Wow! How did they sneak that one to completion without me knowing?
Uh. No.

"Bridget Jones" it turned out to be. However, I think "Indiana Jones and the Edge of Reason" would have been the better choice!

(Make way! Make way for the SYNOPSIS!)

INDIANA JONES and the EDGE of REASON


At the start, (in the university) Indiana Jones has to placate two women. One is good-looking and a compulsive liar, the other is good-looking in a grumpy way and is a professor of Ancient Histories at Oxford University.
At the same time, another (male) Archaeologist is trying to muscle in on his territory with a lot of blustering. (Why does David Duchovny spring to mind?)


They all seek the Sword of Damocles (The aforementioned "Edge of Reason", geddit? Snarf!), which a mysterious man from the desert (Viggo Mortensen or Antonio Banderas - trés sexy and mysterious! - masked in a black sheikish outfit), appears to know more about than meets the eye. If only they could find his tent. And horse.
We return to Petra (only because it is cool!), whereupon a ludicrously valuable item (e.g. emerald encrusted gold scarab) is uncovered, mere inches below the surface of the front steps. It points the way toward a little uninhabited island in Greece. We will know it is Greece, because of the ludicrous number of suspiciously realistic Grecian marble statues found in a small cave.
There must be a scene involving whips and snakes (both together preferably.)

The sword is guarded by the secret "Cult of Medusa" - headed by none other than Sallah (John Rhys Davis, resurrected from the first movie.)

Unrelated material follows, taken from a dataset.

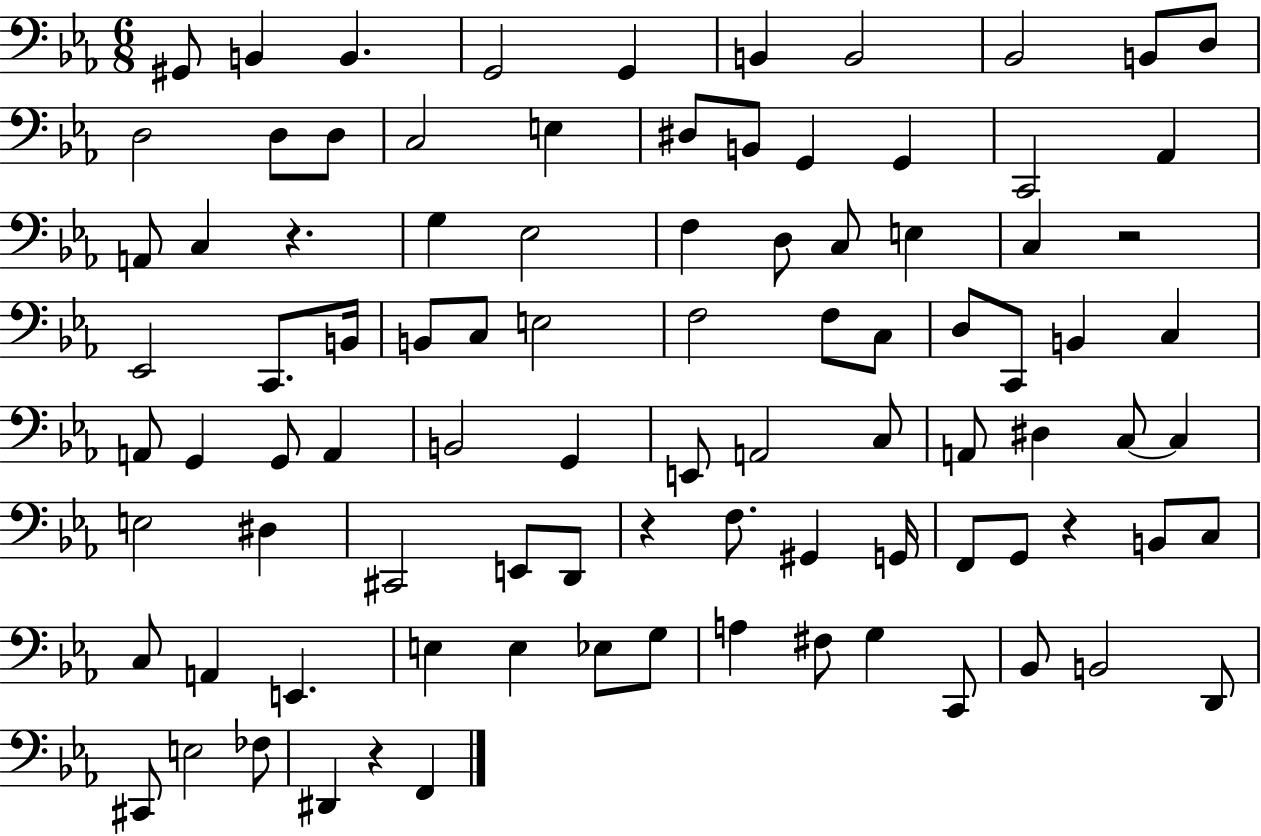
G#2/e B2/q B2/q. G2/h G2/q B2/q B2/h Bb2/h B2/e D3/e D3/h D3/e D3/e C3/h E3/q D#3/e B2/e G2/q G2/q C2/h Ab2/q A2/e C3/q R/q. G3/q Eb3/h F3/q D3/e C3/e E3/q C3/q R/h Eb2/h C2/e. B2/s B2/e C3/e E3/h F3/h F3/e C3/e D3/e C2/e B2/q C3/q A2/e G2/q G2/e A2/q B2/h G2/q E2/e A2/h C3/e A2/e D#3/q C3/e C3/q E3/h D#3/q C#2/h E2/e D2/e R/q F3/e. G#2/q G2/s F2/e G2/e R/q B2/e C3/e C3/e A2/q E2/q. E3/q E3/q Eb3/e G3/e A3/q F#3/e G3/q C2/e Bb2/e B2/h D2/e C#2/e E3/h FES3/e D#2/q R/q F2/q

All this time, he'd been sending Indy after other artefacts in the hope that Indy would be foolishly killed, to no avail. So with the rivalrous prompting of the evil archaeologist in Sallah's hire (David), and unwillingly abetted by "good girl at heart", who is also coincidentally excellent with a rapier, Zeta-Jones ("They have my entire family hostage!"), and some crack detective work by "Scully", they find the sword.
Due to all the handling over the ages, and the lack of decent oiling, it is completely a mass of rust.

BUT WAIT!

The real one is hidden behind a plastered recess in the wall. Discovered by Zeta Jones, she "fences her way "nearly" to freedom, but gets tragically killed.
Blood of good intentions on the sword causes all evil-doers in the room to die horribly!
Heck. Let's say that the Oxford Ancient Histories girly turned out to be bad as well - she drops dead mysteriously at the same time..!
As for those suspiciously lifelike Grecian Statues in the cave? Innocent victims (recent among their number, the Mysterious Man of the Desert), of the evil bad Cult of the Medusa, are released from their stone-like curse! Mysterious Man also turns out to have been the good ("I renounced the evil ways of my father, long ago!") son of Sallah!

The sword crumbles into dust, and Indy has nothing - no girl, no sword... but he still gets the golden Scarab - which later we will see him stash in a little velvet box and return to the mysterious desert man (with appropriate regret).
He rides off into the desert sunset (cue triumphant music), and the camera fades to good ol' black!

(damn I'm good!)

Cast:

Indiana - Harrison Ford.
Compulsive "very beautiful" liar - Catherine Zeta Jones
Ancient Histories - Gillian Anderson
Bad Naughty Archaeologist - David Duchovny.
Viggo Mortensen or Antonio Banderas as "Mystery Desert Man" (the outcast son of Sallah??)
and John Rhys-Davis as "Sallah" himself!



Damn, I love a good stereotypical epic... ;)

***

If you pay in peanuts, you get monkeys.
Imagine instead, what you could get for "free"!